[
https://issues.apache.org/jira/browse/STANBOL-90?page=com.atlassian.jira.plugin.system.issuetabpanels:all-tabpanel
]
Rupert Westenthaler resolved STANBOL-90.
----------------------------------------
Resolution: Fixed
> Create a maven artifact to embed all the default stanbol models data
> --------------------------------------------------------------------
>
> Key: STANBOL-90
> URL: https://issues.apache.org/jira/browse/STANBOL-90
> Project: Stanbol
> Issue Type: New Feature
> Reporter: Olivier Grisel
> Assignee: Olivier Grisel
>
> To make stanbol useful, esp. in offline mode, it needs to some statistical
> model and entity / topic indices.
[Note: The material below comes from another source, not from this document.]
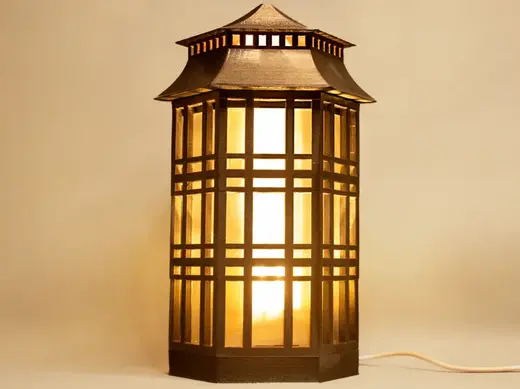 Shoji-Style Oriental Desk Lamp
Those indices can be huge (several GB for
> all the entities of dbpedia and geonames for instance) hence cannot be
> packaged as part of the default distrib. However it is very desirable to
> embed some default statistical models
> - opennlp sentence detector for English
> - opennlp name finder models for English for organizations, people, places
> - solr index for the top 10000 most popular entities (of type organizations,
> people, places) as measured by number of incoming links in the Wikipedia
> article graph.
> - solr index for the top 1000 most popular topics number of Wikipedia
> articles categorized in this category or subcategory
> The goal is to keep that maven artifact less that 100 MB (ideally even
> smaller) so that it does not put a big barrier to entry to people downloading
> the default distribution of Stanbol.
> To avoid slowing down the svn repo, those data files will not be put under
> version control, just the pom.xml + script to rebuild the artifact from a
> previous version of the jar.
--
This message is automatically generated by JIRA.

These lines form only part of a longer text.